REVIEW: ‘Sardar’ – A gripping spy thriller with solid subject matter and a few irksome commercial clichés.

It is encouraging to witness a story in Indian cinema about a hero protecting the nation from a grave threat involving international politics, and it is even more unusual to see one that does so in a way that is believable. The commercialisation of water into corporates is already taking root in and around my city, so I was at least able to relate to the theme of the movie Sardar, which is currently in high demand. Aside from a lot of preaching delivered through explanation dialogue, the story’s core successfully engages the audience.

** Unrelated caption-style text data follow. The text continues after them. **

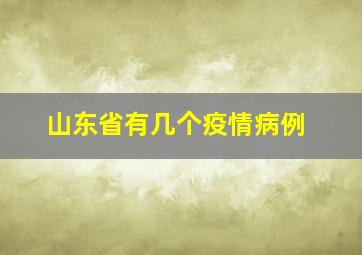 山东省有几个疫情病例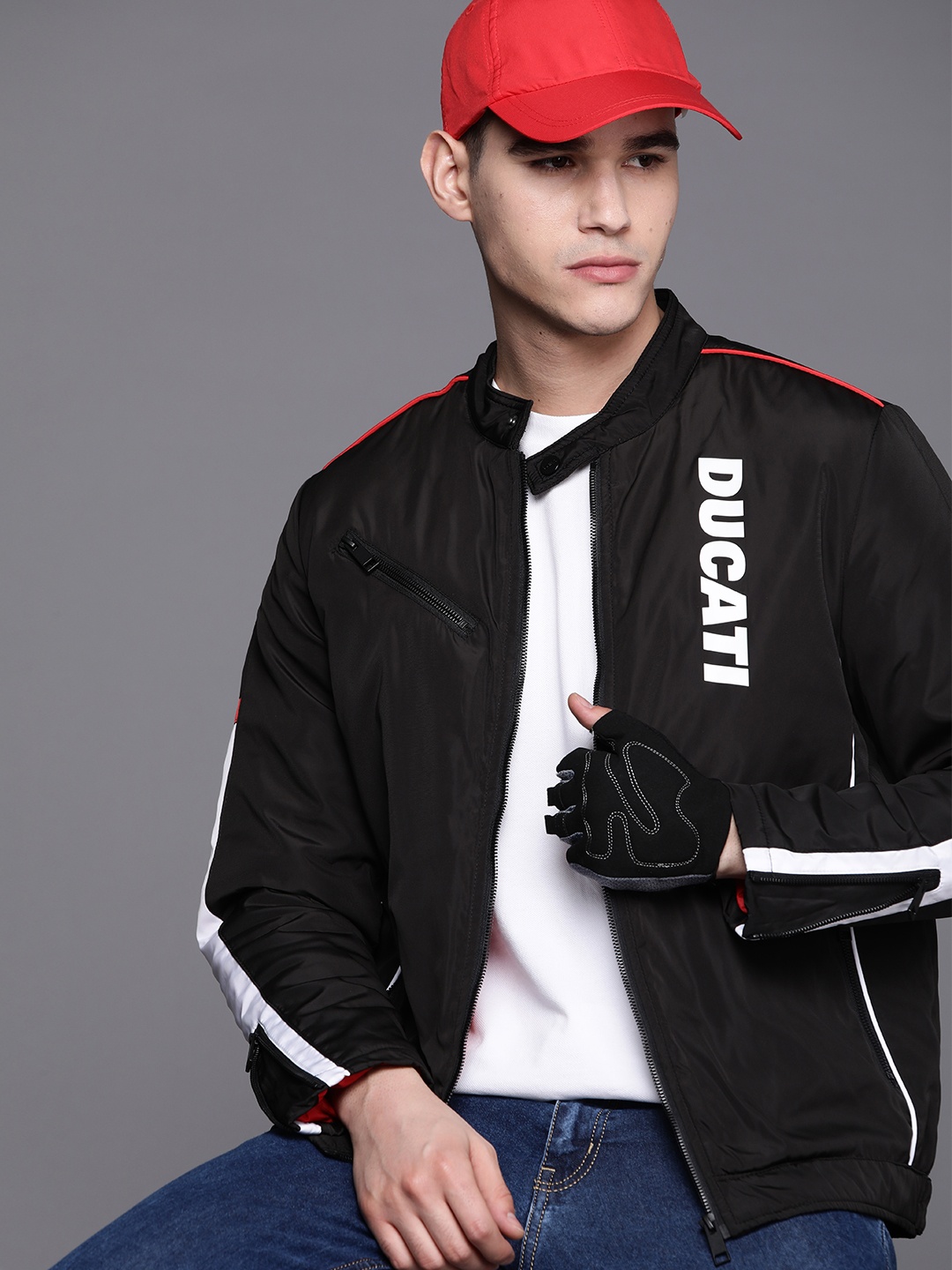 

Ducati Brand Logo Printed Padded Jacket, Black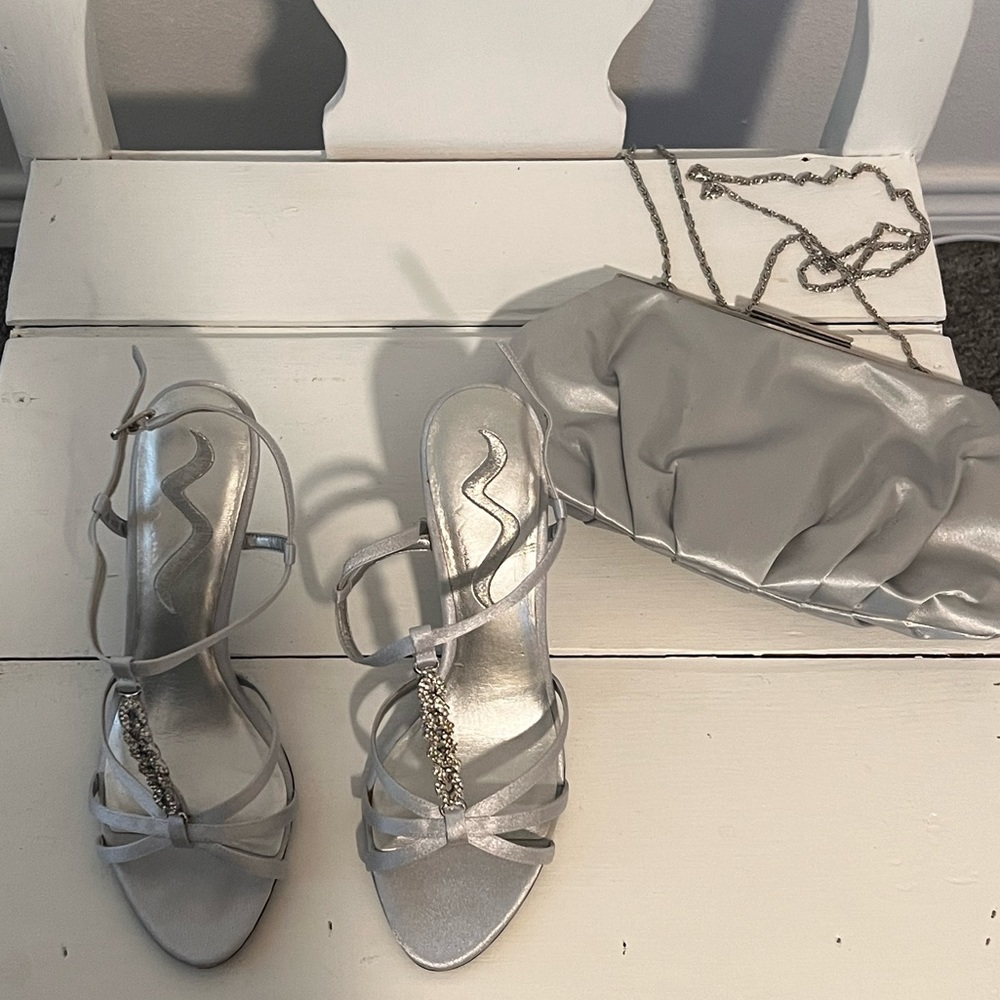 Silver Shoes and Handbag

In order to protect the country from the water mafia, the plot involves the most dangerous spy in the world against the backdrop of RAW intelligence. The spy-themed screenplay is dated, yet it manages to keep us engaged with a few original concepts. The screenplay is the best part of the movie since it had the perfect pacing and build-ups to prepare the audience for the major events that are to come. The events that culminated in Sardar’s introduction were moving along perfectly.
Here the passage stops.